Intro to CFDs
Picture London of the roaring 90s. A real estate firm – Trafalgar House – is being threatened with bankruptcy. Their Hong Kong, associates, Jardin Matheson, decide to come to the rescue; but they don’t want to be saddled with Trafalgar’s depts and they CERTAINLY don’t want to pay taxes on buying an ailing firm.
Enter Brian Keelan and Jon Woods – two brokers who created a special contract that meant that Matheson didn’t have to buy Trafalgar outright. Instead, the two companies would exchange cash flows at a fraction of the actual cost.
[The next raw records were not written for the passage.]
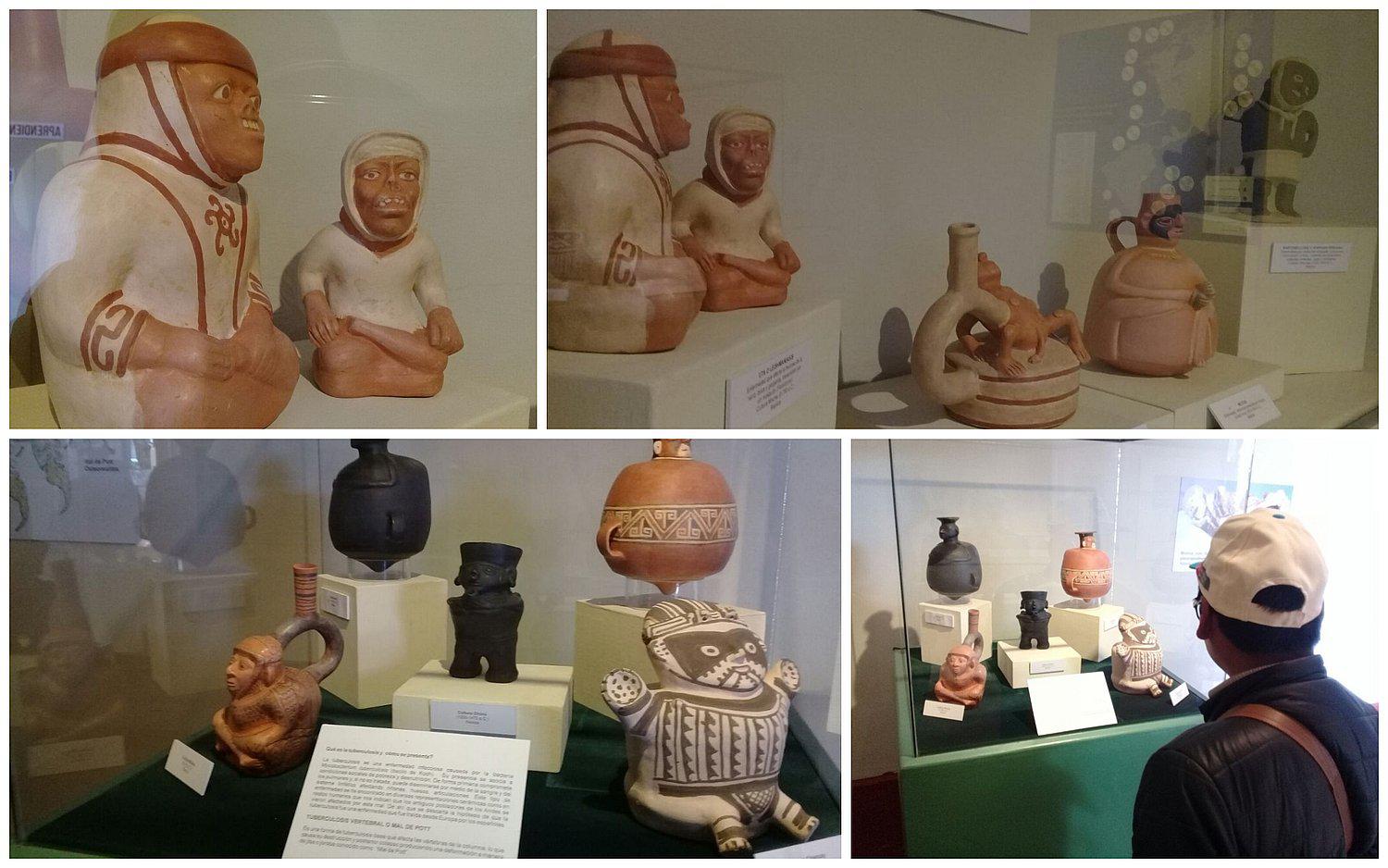 ​Peruanos prehispánicos ya sufrían de sífilis, micosis y tuberculosis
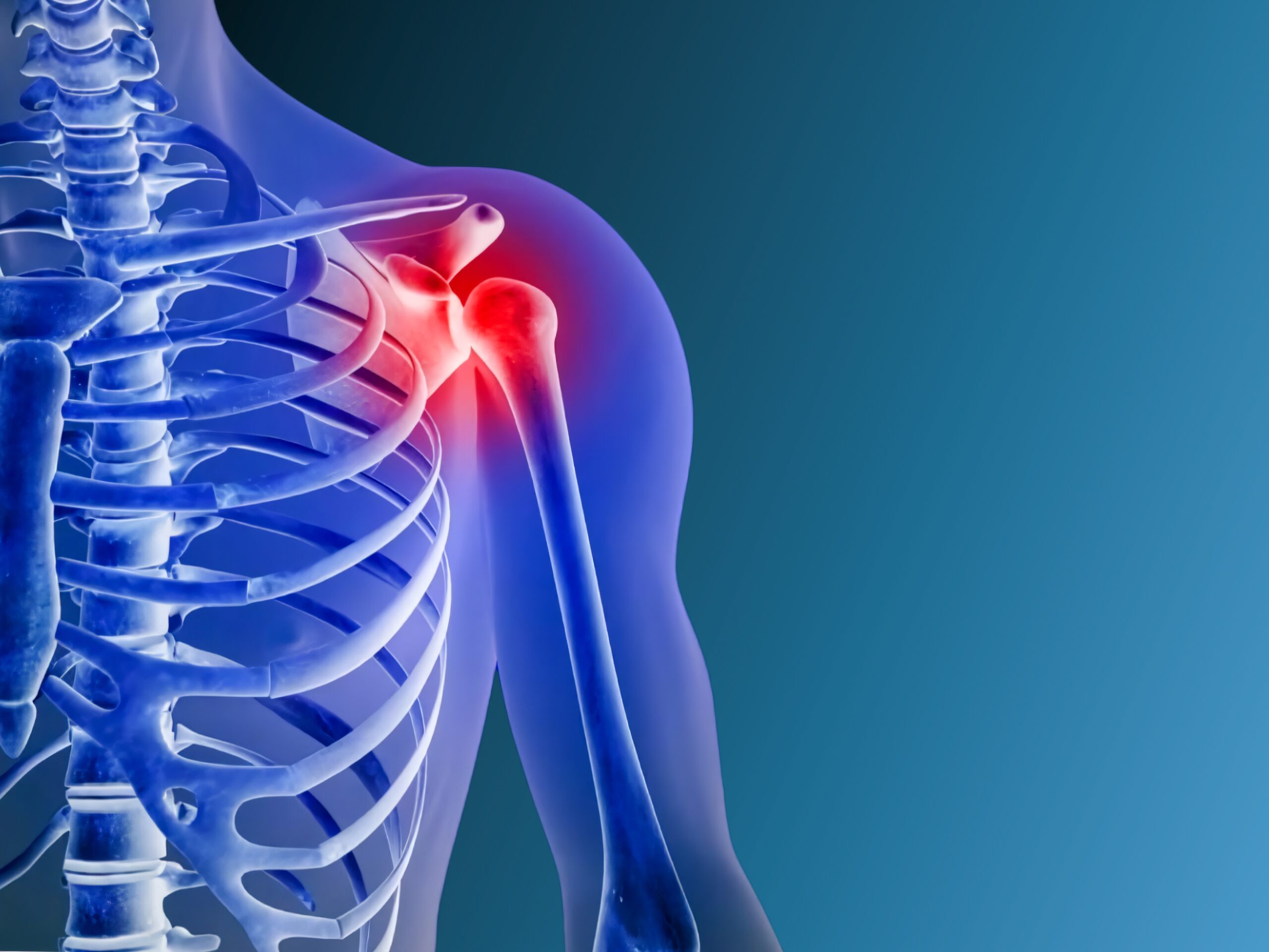 Ιωάννης Πολυζώης – Ορθοπαιδικός Χειρουργός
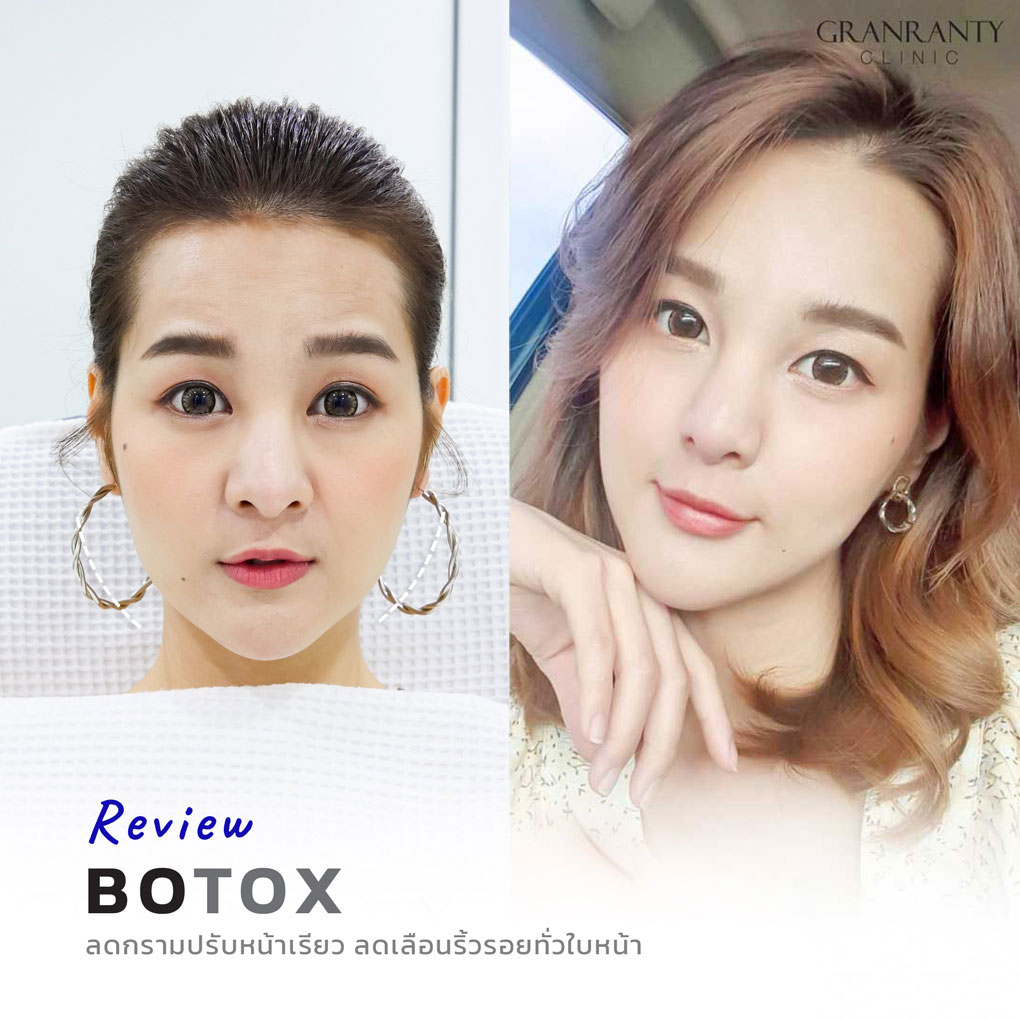 รีวิว BOTOX จีแรนตีคลินิก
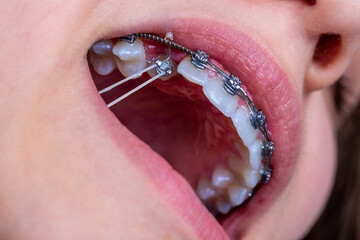 Close up of orthodontist hands putting elastic rubber band on patient brackets.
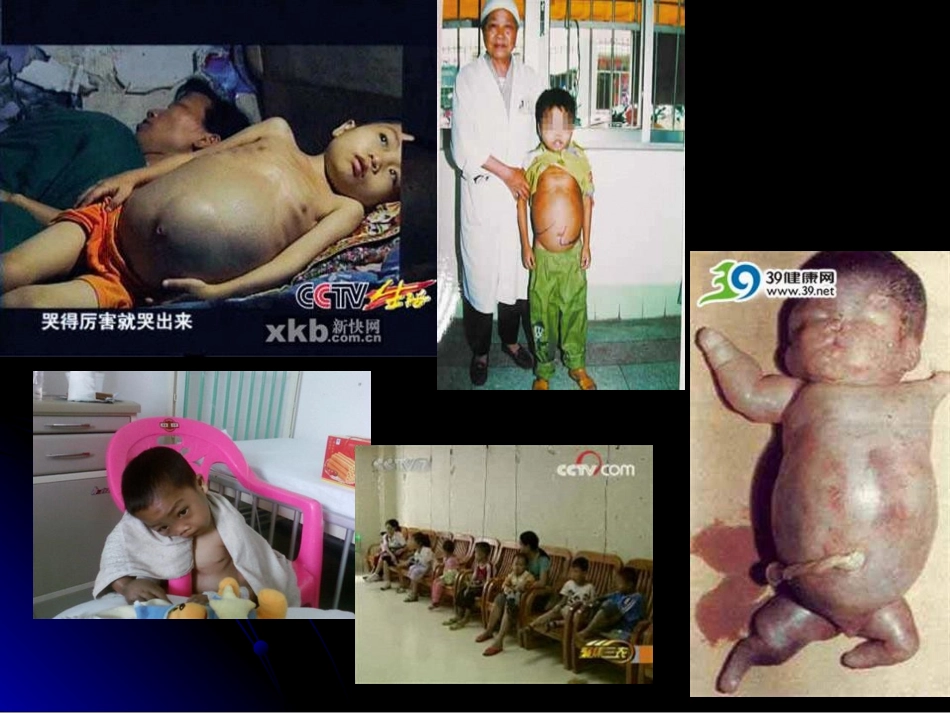 2010地贫讲稿-顺德地贫协会_第2页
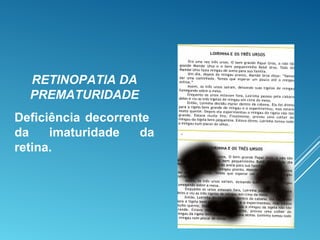 RETINOPATIA DA
PREMATURIDADE
Deficiência decorrente
da imaturidade da
retina.
 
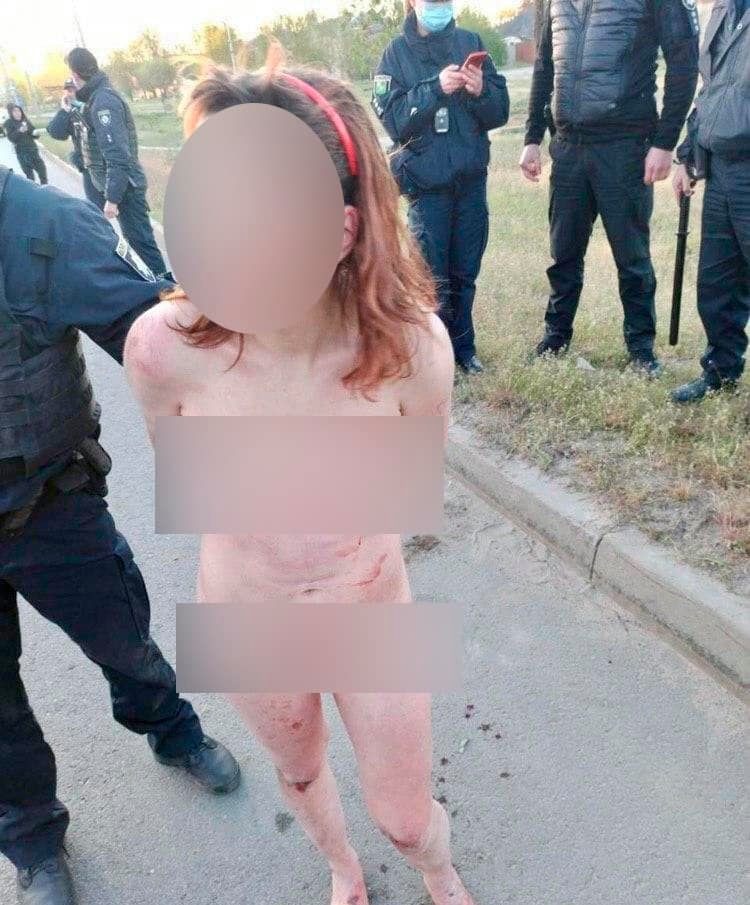 У Харкові гола жінка несла в пакеті голову 13-річної дитини. ФОТО 18+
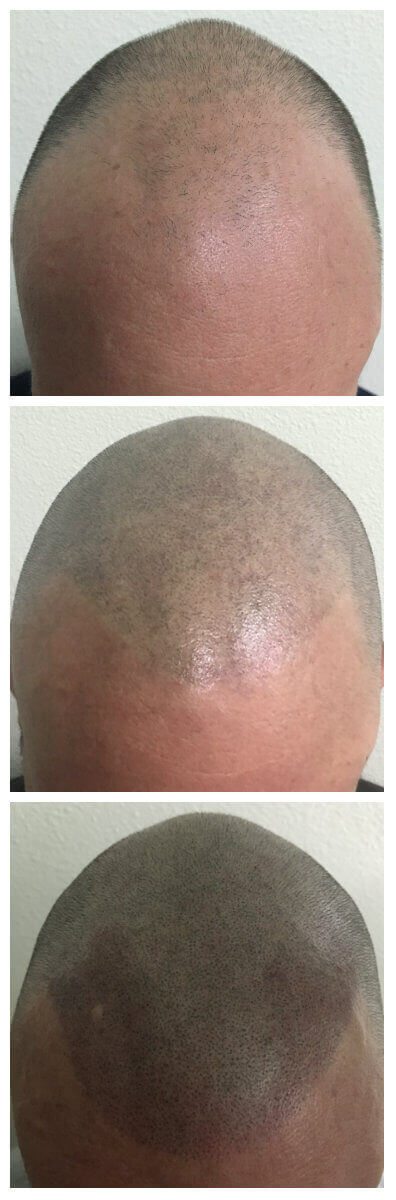 Chris G Hairline Restoration Chris G Hairline Restoration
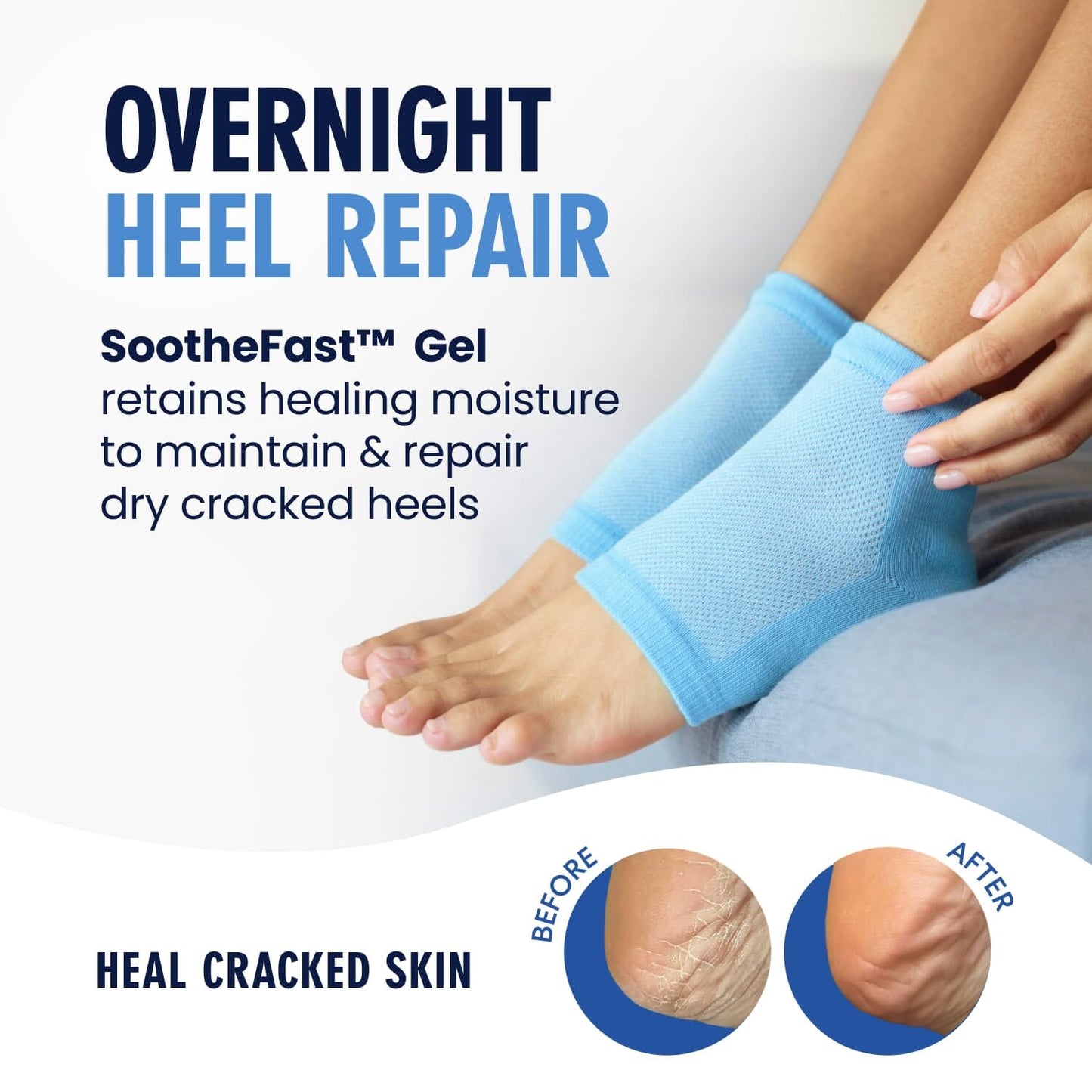Dr. Frederick's Original Moisturizing Heel Socks for Cracked Heel Treatment - 2 Pairs - Stop Cracked Heels in Their Tracks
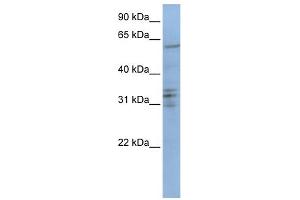 WB Suggested Anti-CENPB Antibody Titration: 0. (CENPB anticorps  (C-Term))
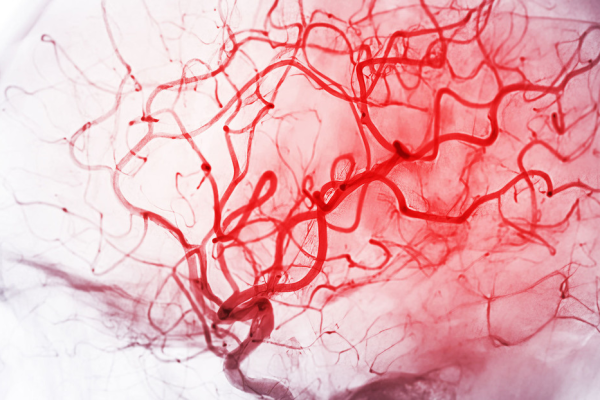 Hallan una posible llave vascular para la demencia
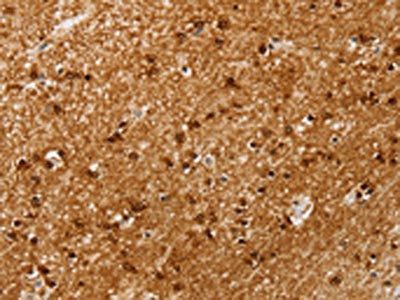 SSX4 Antibody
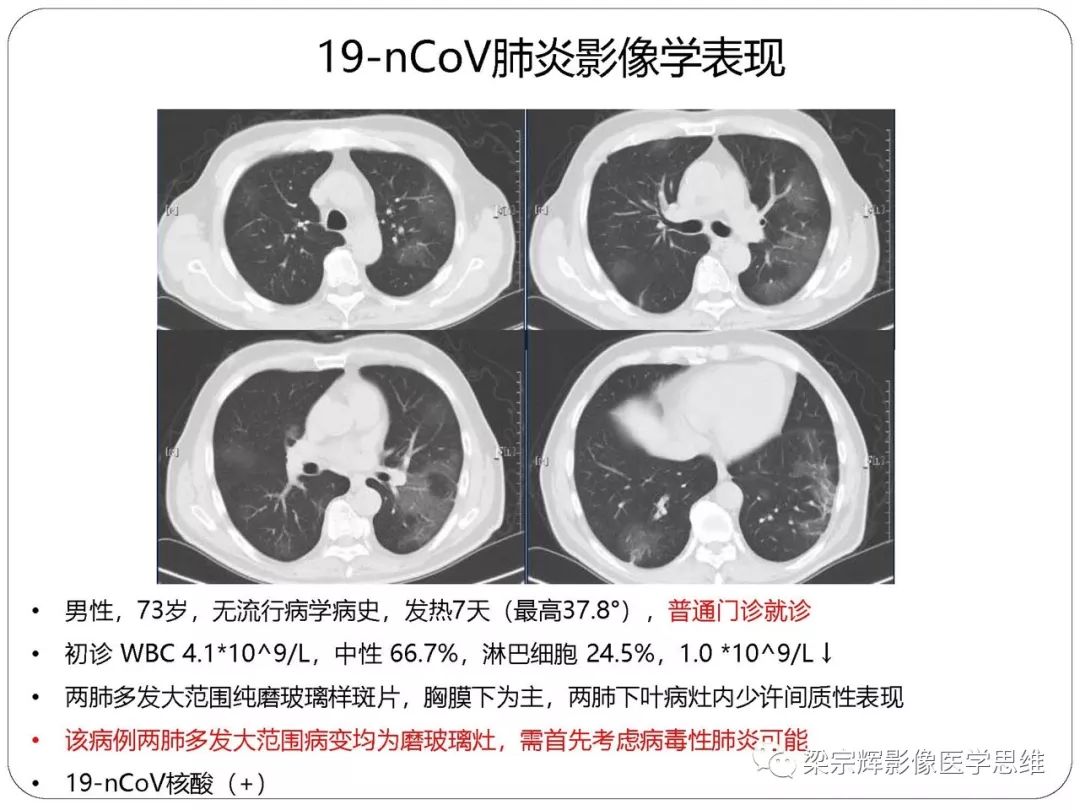 【PPT】新型冠状病毒肺炎影像学诊断与鉴别：心血管病医师需知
Add to that that they didn’t need to pay taxes on any exchange of shares.
By the end of the decade, CFDs were quickly adopted by hedge funds ; and by the end of the MILLENNIUM, they were being grabbed up by the first generation of online retail traders.
Today, CFDs reign in the online environment because 1: they’re leveraged, meaning you only have to invest a small portion of the trade size; 2: they’re easy to understand; 3: they don’t have a date of expiration or a strike price. You simply compute the difference between the price when the contract was opened and when it’s closed. And 4: since a CFD is a derivative, you can go long or short, meaning you can invest in the rising OR falling value of the underlying asset.
When you open a CFD trade you’ll normally be dealing with your broker as the COUNTERPARTY. That means that you don’t need to wait for a someone who wants to buy or sell the underlying asset before you can execute your trade.